Our Algarve Road Trip: Route + Cost
In March 2022 we spent a week (8 days, 7 nights) in the Algarve region of Portugal. For the first time in our lives we rented a van and attempted to see as much as possible in this short period of time. In this post we will share all the organizational details of our Algarve road trip. We will share our route, campsites as well as travel cost. If you wish to read more about what we did while there, we wrote a seperate Sightseeing Guide to the Algarve!
Algarve Road Trip Route
We landed in Faro at 9 o’clock in the morning and were picked up shortly after by the company that we rented a van with. At that point we did not know yet what our route would look like since we had nothing booked other than the van prior to arrival. We only knew that weatherwise we unfortunately had not exactly hit the jackpot so we tried to escape the rain as much as possible.
After a short debate we decided it was best to first head all the way to the west coast of the Algarve. From there we made our way slowly back towards Faro. You can see our Algarve road trip route on the map below. The red locations with numbers indicate which night we spent where. The locations around are some of the places we visited during the day.

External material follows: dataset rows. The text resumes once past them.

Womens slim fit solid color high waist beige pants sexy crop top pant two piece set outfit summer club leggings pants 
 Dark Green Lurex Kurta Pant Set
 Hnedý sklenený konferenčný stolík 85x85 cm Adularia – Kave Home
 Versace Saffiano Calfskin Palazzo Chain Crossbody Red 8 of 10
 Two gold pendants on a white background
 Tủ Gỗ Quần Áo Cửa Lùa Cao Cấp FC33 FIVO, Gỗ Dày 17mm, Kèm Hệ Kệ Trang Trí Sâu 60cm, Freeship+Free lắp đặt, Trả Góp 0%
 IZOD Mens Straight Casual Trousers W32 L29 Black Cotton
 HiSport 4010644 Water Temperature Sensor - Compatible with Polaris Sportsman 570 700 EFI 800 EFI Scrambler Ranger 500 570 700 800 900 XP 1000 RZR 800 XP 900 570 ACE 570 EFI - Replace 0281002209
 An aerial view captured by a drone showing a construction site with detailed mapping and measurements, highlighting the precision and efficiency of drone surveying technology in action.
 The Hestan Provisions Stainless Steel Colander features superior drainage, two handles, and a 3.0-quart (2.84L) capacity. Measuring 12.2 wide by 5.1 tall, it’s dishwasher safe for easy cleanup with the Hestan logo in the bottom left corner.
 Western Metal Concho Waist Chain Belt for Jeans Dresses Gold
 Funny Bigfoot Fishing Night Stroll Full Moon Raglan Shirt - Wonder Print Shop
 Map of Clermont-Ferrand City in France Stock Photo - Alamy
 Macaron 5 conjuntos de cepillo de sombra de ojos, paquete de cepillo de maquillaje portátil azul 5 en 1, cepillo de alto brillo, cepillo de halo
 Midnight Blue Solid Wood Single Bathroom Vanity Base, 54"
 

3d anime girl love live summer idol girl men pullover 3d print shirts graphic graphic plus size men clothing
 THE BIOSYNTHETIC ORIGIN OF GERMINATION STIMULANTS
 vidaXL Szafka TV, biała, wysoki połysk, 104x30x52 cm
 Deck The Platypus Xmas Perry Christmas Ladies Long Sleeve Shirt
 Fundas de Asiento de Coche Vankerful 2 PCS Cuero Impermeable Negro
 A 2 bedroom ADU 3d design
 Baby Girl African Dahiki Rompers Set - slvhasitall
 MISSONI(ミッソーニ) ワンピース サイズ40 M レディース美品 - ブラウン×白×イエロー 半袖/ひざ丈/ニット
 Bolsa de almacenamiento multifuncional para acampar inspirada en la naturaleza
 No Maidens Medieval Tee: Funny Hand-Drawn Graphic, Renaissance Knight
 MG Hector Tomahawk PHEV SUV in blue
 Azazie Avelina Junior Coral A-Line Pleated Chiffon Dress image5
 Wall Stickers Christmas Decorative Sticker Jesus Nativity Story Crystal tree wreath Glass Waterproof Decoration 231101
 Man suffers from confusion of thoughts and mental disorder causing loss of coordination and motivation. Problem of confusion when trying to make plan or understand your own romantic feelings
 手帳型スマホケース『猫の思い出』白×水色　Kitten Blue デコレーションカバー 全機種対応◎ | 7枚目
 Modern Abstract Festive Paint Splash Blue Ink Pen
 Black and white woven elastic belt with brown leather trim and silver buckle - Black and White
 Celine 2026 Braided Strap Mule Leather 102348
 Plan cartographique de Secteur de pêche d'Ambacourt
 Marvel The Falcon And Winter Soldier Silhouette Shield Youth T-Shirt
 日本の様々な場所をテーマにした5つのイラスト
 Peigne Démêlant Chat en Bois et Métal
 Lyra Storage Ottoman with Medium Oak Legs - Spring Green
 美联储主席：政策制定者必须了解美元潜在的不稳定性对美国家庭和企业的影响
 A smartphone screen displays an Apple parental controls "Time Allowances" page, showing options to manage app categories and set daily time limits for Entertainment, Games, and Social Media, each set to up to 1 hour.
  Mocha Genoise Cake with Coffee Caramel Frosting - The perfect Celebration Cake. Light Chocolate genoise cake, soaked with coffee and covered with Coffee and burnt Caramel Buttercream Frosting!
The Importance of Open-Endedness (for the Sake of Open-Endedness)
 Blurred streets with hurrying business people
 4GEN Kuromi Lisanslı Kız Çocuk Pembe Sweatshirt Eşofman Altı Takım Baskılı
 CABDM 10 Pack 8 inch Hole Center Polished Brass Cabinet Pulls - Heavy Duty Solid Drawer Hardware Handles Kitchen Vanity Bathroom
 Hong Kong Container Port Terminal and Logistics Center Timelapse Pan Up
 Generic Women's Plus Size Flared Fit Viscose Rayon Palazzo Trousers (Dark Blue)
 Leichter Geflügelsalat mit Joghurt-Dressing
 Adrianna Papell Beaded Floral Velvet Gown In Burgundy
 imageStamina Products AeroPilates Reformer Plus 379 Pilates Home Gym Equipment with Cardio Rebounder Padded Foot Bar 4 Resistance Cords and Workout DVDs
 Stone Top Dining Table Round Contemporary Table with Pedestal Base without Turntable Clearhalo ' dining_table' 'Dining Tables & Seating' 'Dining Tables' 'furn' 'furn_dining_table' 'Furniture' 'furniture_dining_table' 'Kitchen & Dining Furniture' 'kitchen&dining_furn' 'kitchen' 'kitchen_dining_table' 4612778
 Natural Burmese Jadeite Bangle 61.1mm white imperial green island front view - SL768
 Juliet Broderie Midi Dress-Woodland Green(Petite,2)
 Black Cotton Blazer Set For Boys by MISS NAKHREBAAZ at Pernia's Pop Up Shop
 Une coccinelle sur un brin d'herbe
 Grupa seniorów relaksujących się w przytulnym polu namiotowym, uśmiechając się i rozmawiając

So from Faro we took the A22, which is a toll road and headed all the way to Sagres. In Portugal there are numerous toll roads. The prices you pay per section of the road also depend on what vehicle you have. Vans are a little more expensive than cars. The vehicles are equipped with a sensor that beeps everytime you pass a toll checkpoint. I am not sure how it is done normally but we payed the toll fees via our rental company at the end of the trip. Apart from this first leg of the trip we pretty much avoided the toll roads since we drove shorter distances per day and the toll road would not have made much difference in terms of driving time.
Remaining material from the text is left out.